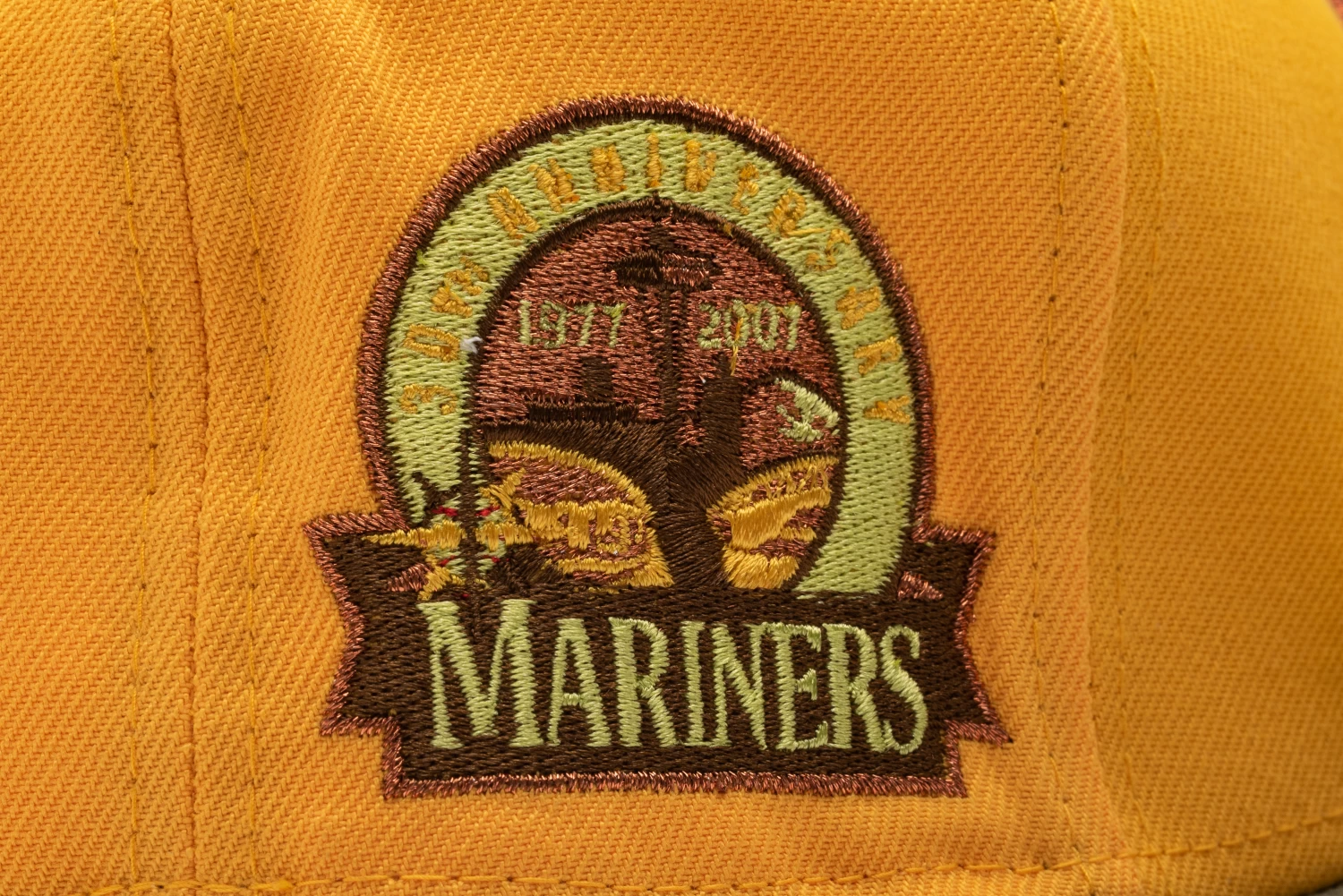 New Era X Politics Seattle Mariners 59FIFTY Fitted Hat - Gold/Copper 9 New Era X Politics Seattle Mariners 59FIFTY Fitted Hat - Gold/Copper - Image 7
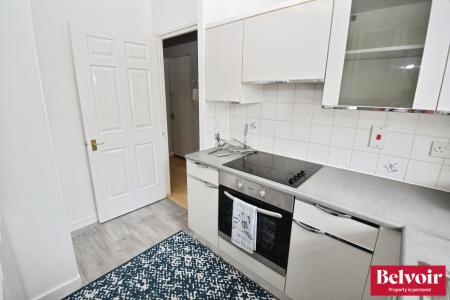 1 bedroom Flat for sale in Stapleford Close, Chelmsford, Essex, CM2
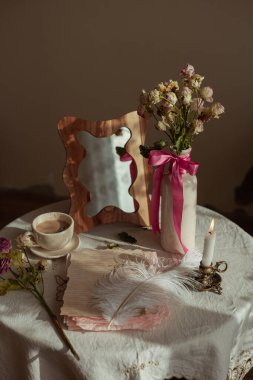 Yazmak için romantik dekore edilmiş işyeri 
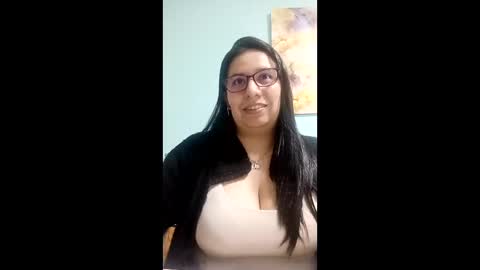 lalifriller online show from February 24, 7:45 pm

Assignment ▸ Copy out all the data without changing anything, and drop the pictures.

Reply to the task ▸
 New Era X Politics Seattle Mariners 59FIFTY Fitted Hat - Gold/Copper 9 New Era X Politics Seattle Mariners 59FIFTY Fitted Hat - Gold/Copper - Image 7
 1 bedroom Flat for sale in Stapleford Close, Chelmsford, Essex, CM2
 Yazmak için romantik dekore edilmiş işyeri 
 lalifriller online show from February 24, 7:45 pm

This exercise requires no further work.